===== Entries supplied =====

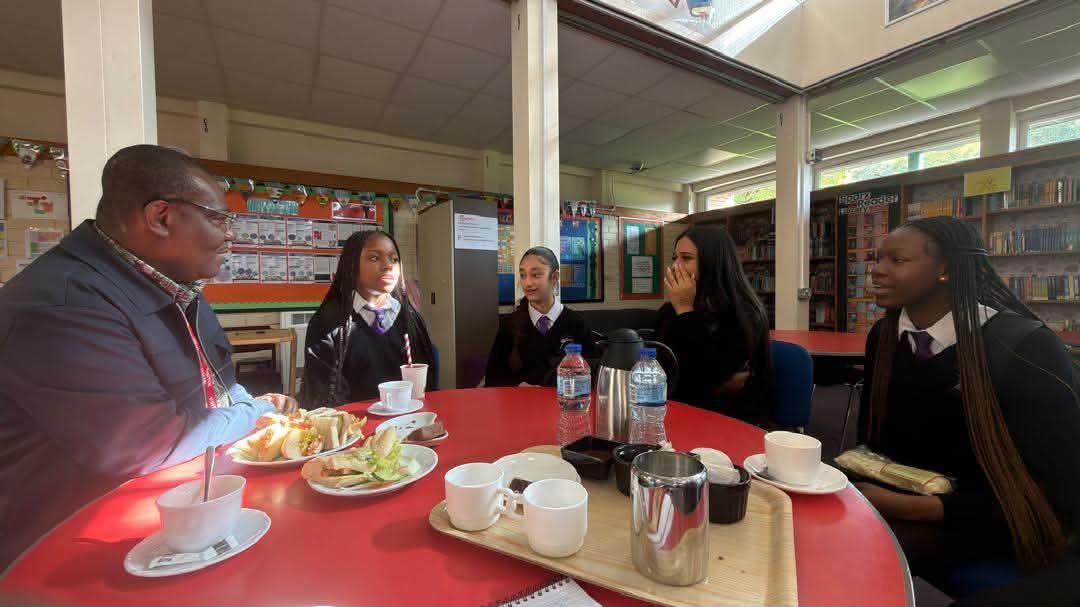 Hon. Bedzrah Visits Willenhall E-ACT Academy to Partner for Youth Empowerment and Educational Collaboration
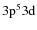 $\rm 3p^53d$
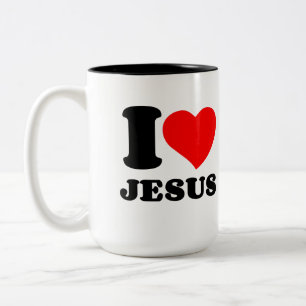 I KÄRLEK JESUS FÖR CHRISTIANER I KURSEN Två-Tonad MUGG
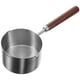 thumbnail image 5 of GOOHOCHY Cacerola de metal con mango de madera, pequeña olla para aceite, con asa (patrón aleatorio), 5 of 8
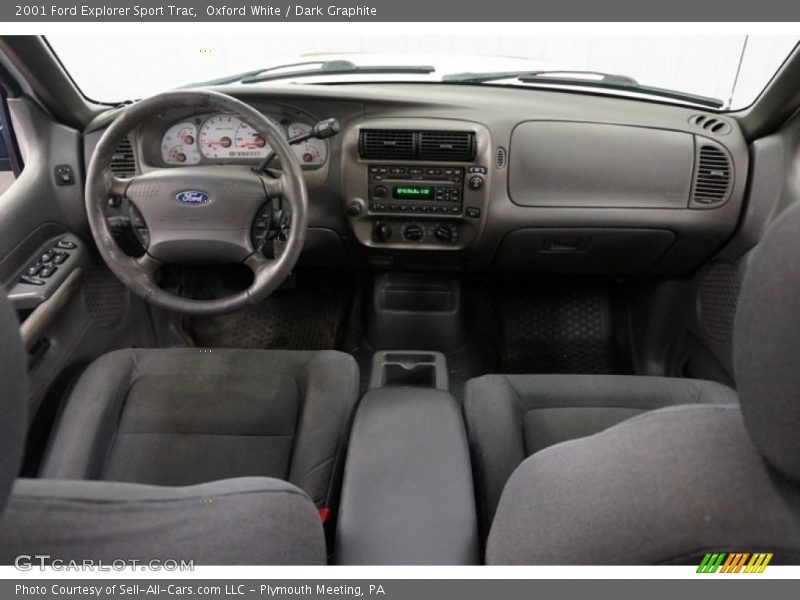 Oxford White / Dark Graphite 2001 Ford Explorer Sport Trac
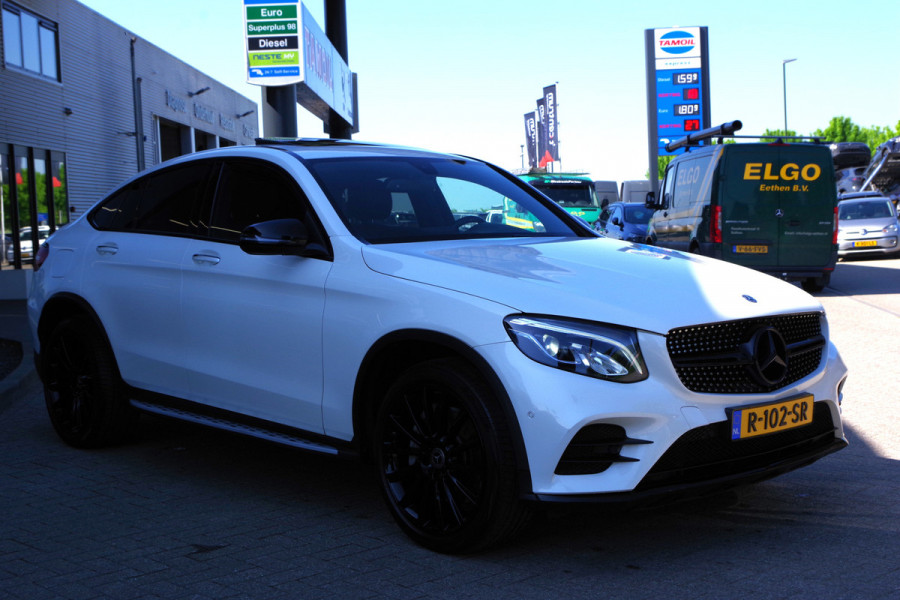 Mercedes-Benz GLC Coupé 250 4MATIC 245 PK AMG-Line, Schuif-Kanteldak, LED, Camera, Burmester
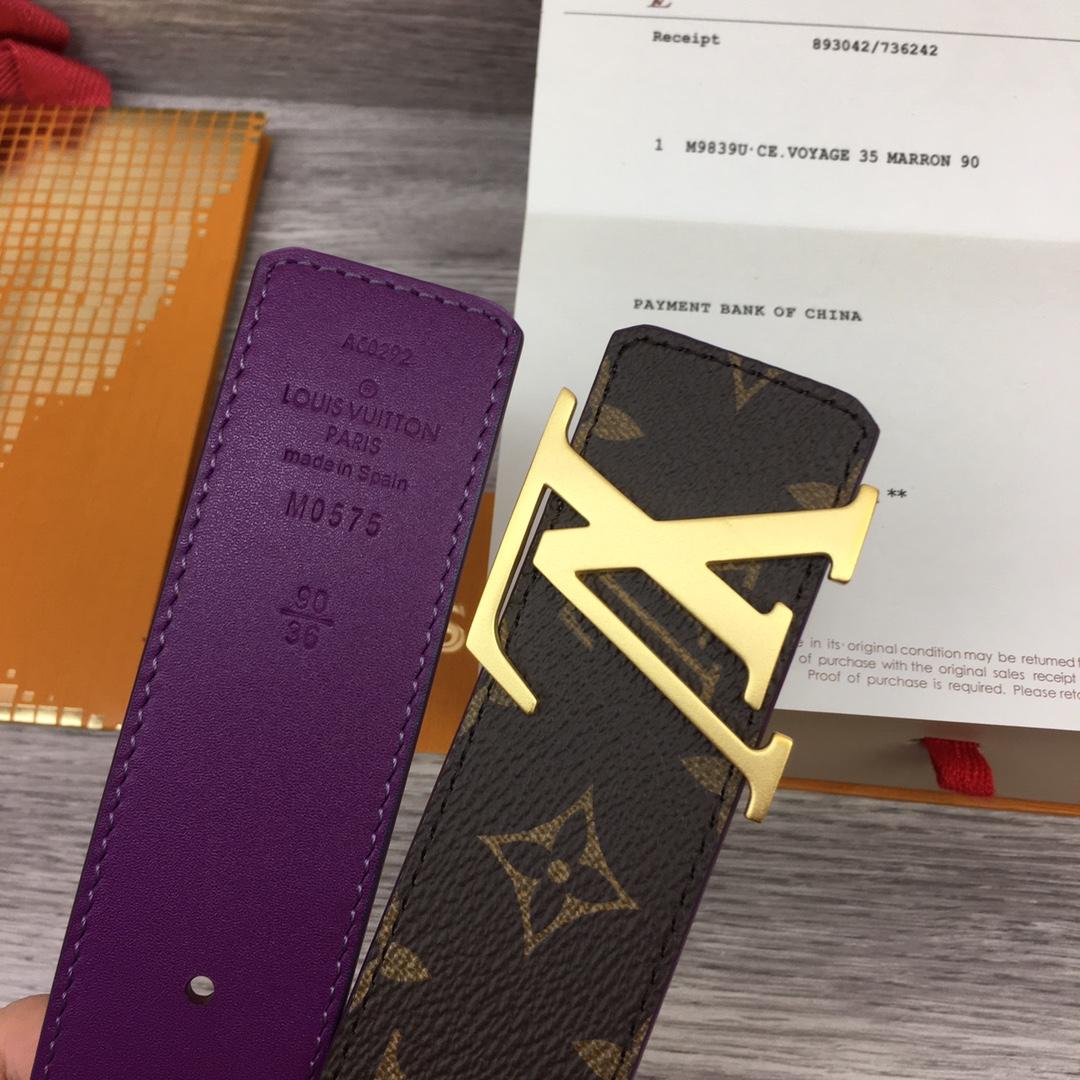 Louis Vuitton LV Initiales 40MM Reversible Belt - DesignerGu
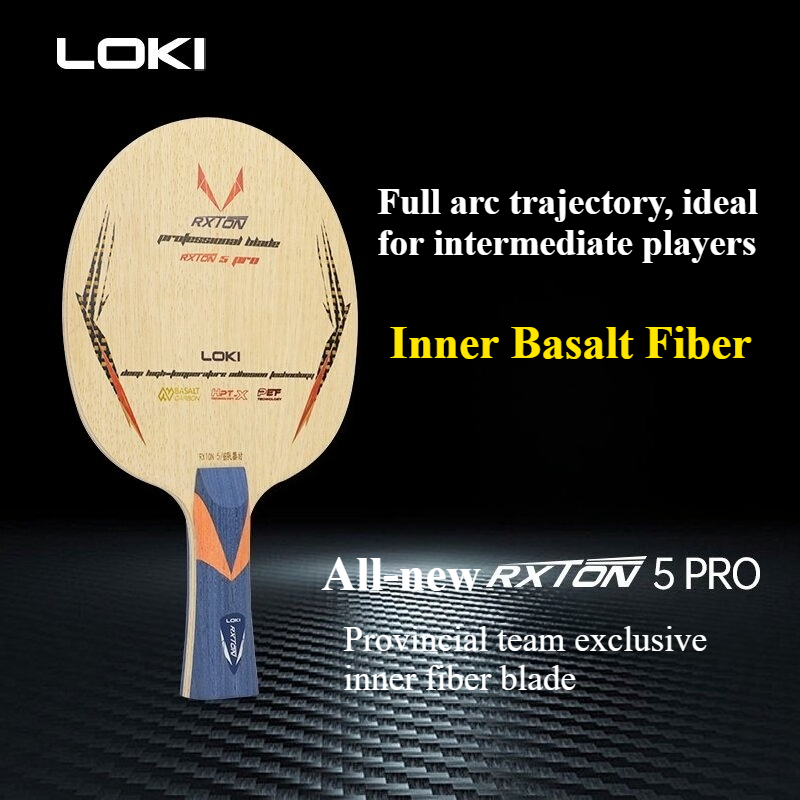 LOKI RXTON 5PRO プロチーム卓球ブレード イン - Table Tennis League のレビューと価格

=====

**Task brief:** Strip out the images, then output the records above word for word.

**Exercise result:**
 Hon. Bedzrah Visits Willenhall E-ACT Academy to Partner for Youth Empowerment and Educational Collaboration
 $\rm 3p^53d$
 I KÄRLEK JESUS FÖR CHRISTIANER I KURSEN Två-Tonad MUGG
 thumbnail image 5 of GOOHOCHY Cacerola de metal con mango de madera, pequeña olla para aceite, con asa (patrón aleatorio), 5 of 8
 Oxford White / Dark Graphite 2001 Ford Explorer Sport Trac
 Mercedes-Benz GLC Coupé 250 4MATIC 245 PK AMG-Line, Schuif-Kanteldak, LED, Camera, Burmester
 Louis Vuitton LV Initiales 40MM Reversible Belt - DesignerGu
 LOKI RXTON 5PRO プロチーム卓球ブレード イン - Table Tennis League のレビューと価格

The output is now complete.